The great geographic extension of Tokyo is a handicap when it comes to service to groups that are very busy and who can hardly administer their time and movements with much freedom.
This has brought the Diocese to accept the opening of a new small CTIC Center in Chiba, which will service that area of the Archdiocese, where there are many foreign workers and where the priests and lay people have been offering very good service for many years. This new Center will begin to function in April of 2002.


It does not take much time to realize how complex and unsettled the situation of foreigners in Japan is. Much has been written and said about the economic, political or social needs, problems or difficulties that foreigners meet in the country. I consider them well known and take them for granted in these lines, so that I can concentrate on the so-called "Pastoral" situation. In doing this I am trying to see beyond the emergencies into the long term personal reality of so many people who "had to leave" their family and country, their culture and home and risk everything in order to follow the dream of a new future, be it permanent or temporary.

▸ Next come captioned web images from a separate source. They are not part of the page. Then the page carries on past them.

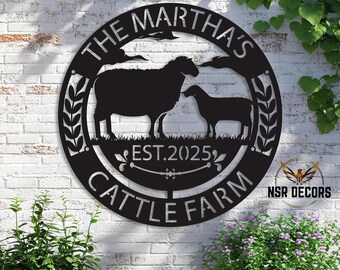 Personalized Cattle Farm Metal Sign, Rustic Ranch Decor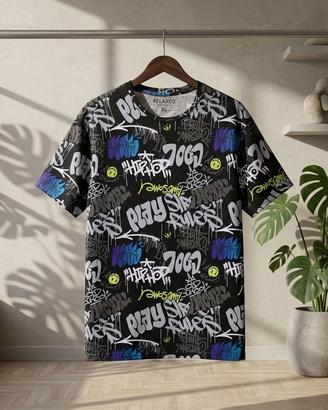 T-shirt, Terranova, graffiti, nera, XL, streetwear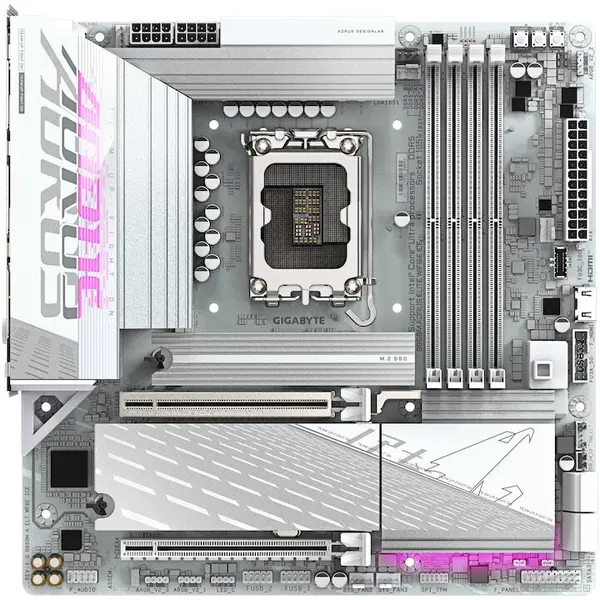 Gigabyte Placa de Baza GIGABYTE B860M AORUS ELITE WIFI6E ICE, LGA1851, 4x DDR5, mATX
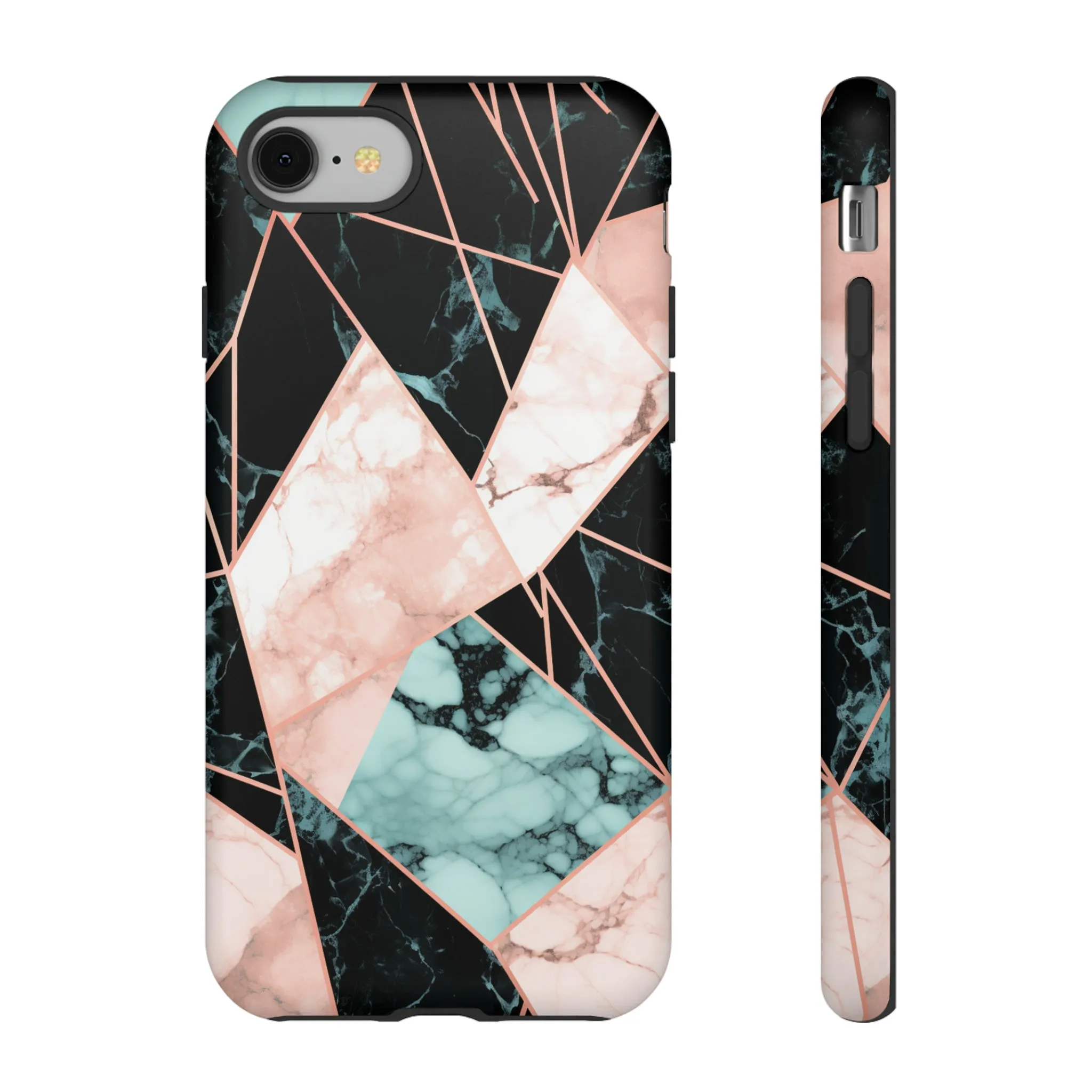 Geometric Elegance Marble and Gold Accents Tough Phone Cases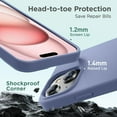 thumbnail image 6 of Designed for iPhone 15 Case,Silicone Ultra Slim Shockproof Protective Phone Case with [Soft Anti-Scratch Microfiber Lining], 6.1 inch, Lavender Gray, 6 of 11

The first and most obvious fact is the situation of being "uprooted from their own Culture." This is much more than missing the food, the Festivals and the traditional dances they grew up with. Culture has been defined as "a pattern of shared meanings and values, embodied in a network of symbols, myths and rituals, created by a particular group as it struggles to adjust to life's challenges and educating its members about what is considered to be the orderly, correct, and decent way to feel, think and behave.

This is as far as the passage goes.